Today is United Nations International Day for the Elimination of Violence Against Women. Around the globe, workers are saying “No” to violence against women.
Although we often limit discussions on violence against women to domestic violence, it also is a human rights issue and a workplace issue, experts say.
Millions of women work in insecure, temporary, unsafe, underpaid and unpaid jobs. They are subjected to sexual harassment, abuse and rape. According to the International Trade Union Confederation (ITUC), certain types of work situations increase these threats, such as when women travel for their work or migrate to find work or are employed as domestic workers.
AFL-CIO Secretary-Treasurer Liz Shuler says in a statement:
Violence against women is a global problem that affects women of all ages, ethnicities, races, nationalities and socioeconomic backgrounds. It is also a workplace issue. Power imbalances in workplaces and the precarious employment conditions of many women increase their risk of being victims of sexual harassment, abuse and rape.
At the same time, domestic violence and other gender-based violence often impedes the ability of women to go to work and earn a living to support their families. To meet their families’ needs, many women have become economic migrants, subject to exploitation by unscrupulous employment agencies and employers.
Flight Attendants-CWA President Patricia Friend says union members are recognizing more and more that violence against women can spill over into the workplace.
We need to be aware that some of our members are coming to work in very difficult circumstances and may need our help. This is a human rights issue, and any human rights issues is a union issue.
Globally, women not only are vulnerable to domestic violence, but are caught in wars and forced into human trafficking for sex in large numbers, says Friend, who represents the AFL-CIO on ITUC’s committee on women.
In March, the AFL-CIO Executive Council issued a Charter of Rights of Working Women, pointing out that women are increasingly moving from place to place as economic migrants, rather than as dependents of male migrants, and are subjected to exploitation by agencies and employers. This situation is unacceptable, Shuler says.
Employers must be held responsible for ensuring that women have a safe workplace free of all forms of violence and sexual harassment. That is why today is so important.

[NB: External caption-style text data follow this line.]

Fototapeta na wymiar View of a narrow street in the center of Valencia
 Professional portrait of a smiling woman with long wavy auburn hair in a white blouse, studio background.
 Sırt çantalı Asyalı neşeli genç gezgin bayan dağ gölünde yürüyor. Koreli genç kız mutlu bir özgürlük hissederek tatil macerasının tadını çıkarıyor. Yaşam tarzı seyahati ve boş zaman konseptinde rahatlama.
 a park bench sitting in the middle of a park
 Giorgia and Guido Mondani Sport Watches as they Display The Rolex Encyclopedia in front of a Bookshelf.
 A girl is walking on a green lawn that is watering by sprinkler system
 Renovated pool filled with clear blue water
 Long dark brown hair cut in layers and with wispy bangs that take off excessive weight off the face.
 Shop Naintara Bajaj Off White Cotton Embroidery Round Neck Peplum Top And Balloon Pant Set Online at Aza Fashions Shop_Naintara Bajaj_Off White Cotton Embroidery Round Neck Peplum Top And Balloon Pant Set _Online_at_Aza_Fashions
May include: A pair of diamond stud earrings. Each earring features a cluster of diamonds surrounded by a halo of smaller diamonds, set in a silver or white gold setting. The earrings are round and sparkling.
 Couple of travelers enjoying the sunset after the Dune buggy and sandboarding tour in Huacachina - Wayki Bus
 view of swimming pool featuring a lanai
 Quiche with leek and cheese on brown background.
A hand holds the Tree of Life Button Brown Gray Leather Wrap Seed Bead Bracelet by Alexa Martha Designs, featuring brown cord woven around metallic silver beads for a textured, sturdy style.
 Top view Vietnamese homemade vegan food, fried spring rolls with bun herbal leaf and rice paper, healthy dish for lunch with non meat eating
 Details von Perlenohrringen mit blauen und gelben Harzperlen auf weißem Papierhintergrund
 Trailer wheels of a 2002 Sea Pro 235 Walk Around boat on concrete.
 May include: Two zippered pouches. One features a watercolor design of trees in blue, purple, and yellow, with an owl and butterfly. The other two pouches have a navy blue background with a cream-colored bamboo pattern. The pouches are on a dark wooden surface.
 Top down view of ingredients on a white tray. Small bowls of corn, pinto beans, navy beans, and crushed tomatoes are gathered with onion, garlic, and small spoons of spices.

Until we have brought an end to violence against women, our families, our economies, our nations and our world will pay the price for our inaction.
Each member of the Network—current and former politicians, activists, religious and community leaders, and others—will work to support the longstanding efforts of women and civil society organizations worldwide to end violence, undertaking actions from raising public awareness to advocating for adequate laws.